Andhra HC (Pre-Telangana)
B. Krishna Mohan Reddy vs The District Collector, Mahabubnagar ... on 11 December, 2012
Author: L.Narasimha Reddy
Bench: L.Narasimha Reddy
THE HON'BLE SRI JUSTICE L.NARASIMHA REDDY WRIT PETITION No.22855 of 2011 11-12-2012 B. Krishna Mohan Reddy The District Collector, Mahabubnagar District and others Counsel for the petitioner: Smt. P. Lakshmi Counsel for respondents : G.P. for Revenue for RRs 1 to 3 <Gist: >Head Note: Citations: ORDER:
The A.P. Land Revenue Act had certain provisions, which have the effect of regulating the land use and other relate matters. It was not at all possible for conversion of an agricultural land into other uses. A detailed exercise was required to be undertaken. Similar provisions were contained in other enactments also.
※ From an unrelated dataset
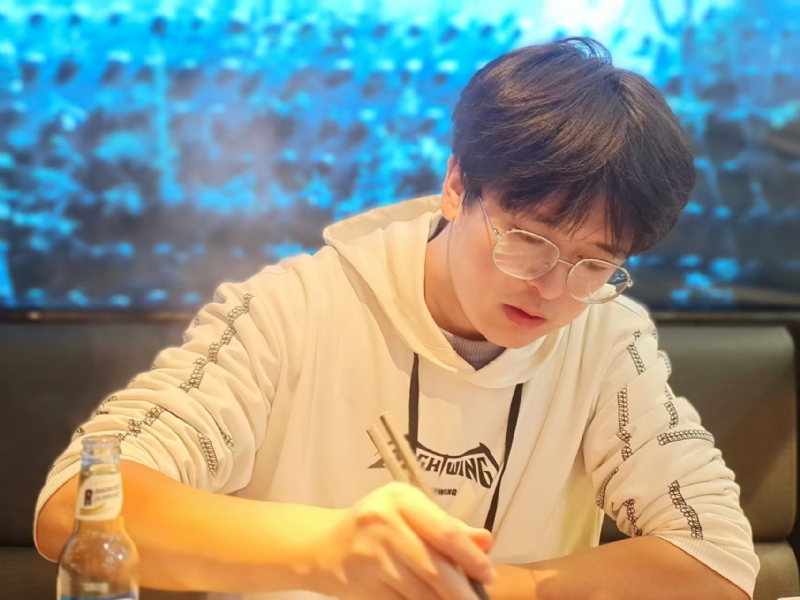 倾尽的第二张照片--太原相亲服务中心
However, the A.P. Agricultural Land (Conversion for Non- Agricultural Purposes) Act, 2006 (for short 'the Act') was enacted by the State Legislature enabling the conversion of agricultural lands for non-agricultural purposes. Taking advantage of certain lacunae in that Act, conversions are being resorted to and the result is that large extents of land that too mostly abutting the high ways ceased to be agricultural fields and they have virtually become the commodity of commerce.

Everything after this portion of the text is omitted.